The researchers studied more than 100,000 residents in more than 600 Ontario nursing homes and found a 10-fold variability in antibiotic use. The range was from as low as 20 antibiotic days per 1,000 resident days to as high as 200 antibiotic days. Antibiotic-related harms included C. difficile, diarrhea or gastroenteritis, allergic reactions, and general medication adverse events.
“Our findings show that these adverse outcomes affected not only residents who directly received antibiotics, but also those residents who did not directly receive antibiotics because infections like Clostridium difficile and antibiotic resistant bacteria can be transmitted between patients,” lead author Nick Daneman, MD, MSc, an adjunct scientist at ICES, said in a statement.

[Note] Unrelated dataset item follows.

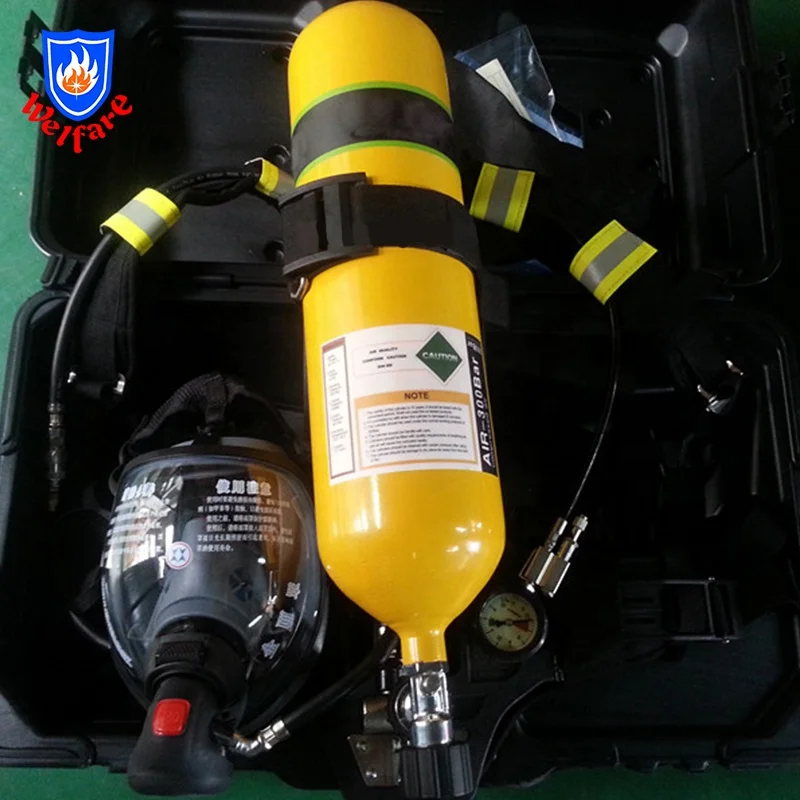 6ltr углеродистая сталь SCBA самосжатый дыхательный аппарат caba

Even residents not receiving antibiotics could be at risk of adverse events. One of the antibiotic-related harms is antibiotic-resistant organisms, which not only affect the recipient, but also indirectly affect nonrecipients.
Overall, 13.3% of residents in a nursing home with high antibiotic use experience adverse antibiotic-related events compared with 11.4% of residents in a low antibiotic-use nursing home.
“Antibiotic use is highly variable across nursing homes; residents of high-use homes are exposed to an increased risk of antibiotic-related harms even if they have not directly received these agents,” the authors concluded. “Antibiotic stewardship is needed to improve the safety of all nursing home residents.”